George Nelson Well, the status aspects have always existed but they've never existed to the extent they do now. Because of this idiotic perversion of democracy we practice. We've arrived at the point where we say we believe that everybody is just as good as everybody else, which has never been true and never will be true. And as a result, we have elevated the second-class, third-class citizen to something he never should have been elevated to. When you sell this joker an electric shaver, for instance, you don't merely sell him this shaver, which incidentally is streamlined to look like the latest Jupiter missile or something. Not streamlined but styled. This shaver, which is maybe three inches long, comes in a box that's nine inches long that's all full of crests and armorial shields and all of this stuff as if this box were really meant to contain, you know, a priceless necklace that Louis the Fourteenth would have given to his wife or his mistress. So that we've elevated this undeserving joker to a point where maybe he actually thinks he is somebody. And as a result, the whole society is being polluted by second and third-class-

Studs Terkel So the low common denominator, the lowest then, and takes over and becomes the dominant factor-

George Nelson Yeah.

Studs Terkel -in aesthetics and everything.

George Nelson You know we pretend that we are the inheritors of the tradition of Tom Paine and Thomas Jefferson and all of these great lively guys. And this isn't this isn't true at all. We've actually perverted this thing into something they never expected it to be. In the days of Jefferson, who was a real Democrat, I think, because he was essentially an aristocrat, at least of the spirit. The elite was expected to provide a certain kind of leadership for the masses and the masses accepted that they were either stupider or more unlucky or less well-educated or less energetic or had a lower IQ, you know, whatever the thing might have been. And the elites set the tone for the society and, in effect, created the styles that were adopted by the society as a whole. Today you have a complete reversal in the in any of the mass media.
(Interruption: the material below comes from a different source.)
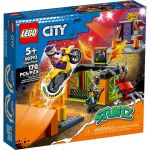 LEGO City Klocki 60293 Park kaskaderski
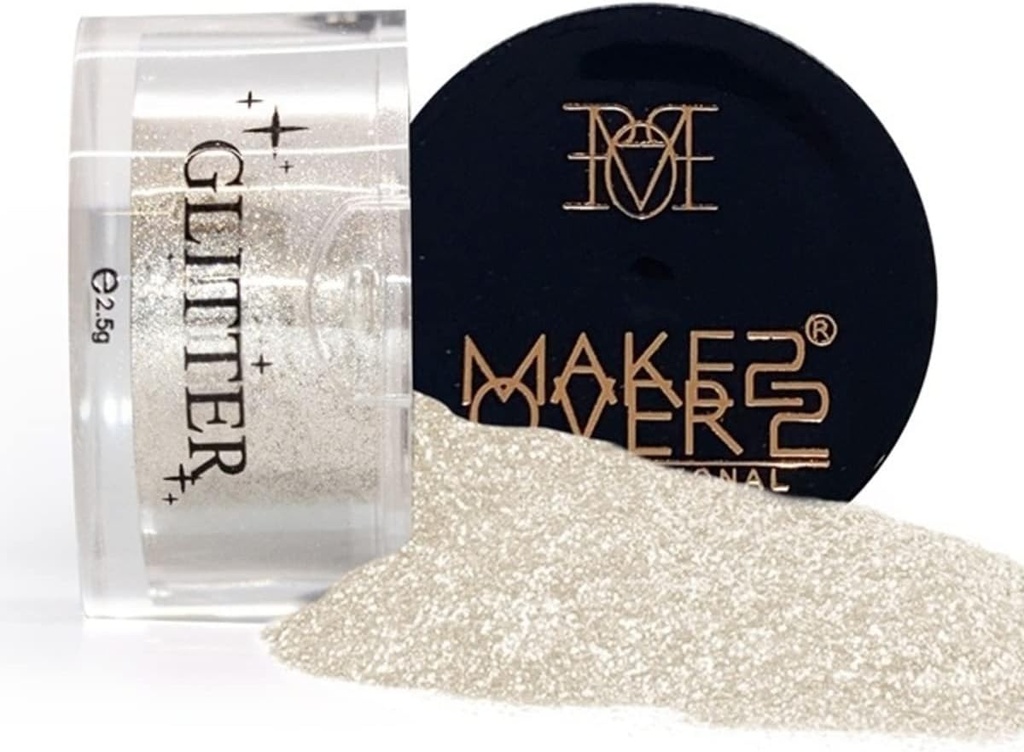 Make Over 22 Loose Eye Glitter (gl008)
For instance, take television because it's so terribly visible. You might imagine if you were naive that there was an elite that was creating stuff for these massive audiences. But you and I and almost everybody else know that this isn't the case at all. That the elite is actually a bunch of guys with ulcers who are waiting anxiously for the results of the last survey of what the masses think about, you know, this or that and which Western you do do you like or should there be more blood or less blood. Or do we need more togetherness in our soap operas-

Studs Terkel Isn't it true that the so-called elite that choose a dominant form, has the same taste as Joe Palooka basically?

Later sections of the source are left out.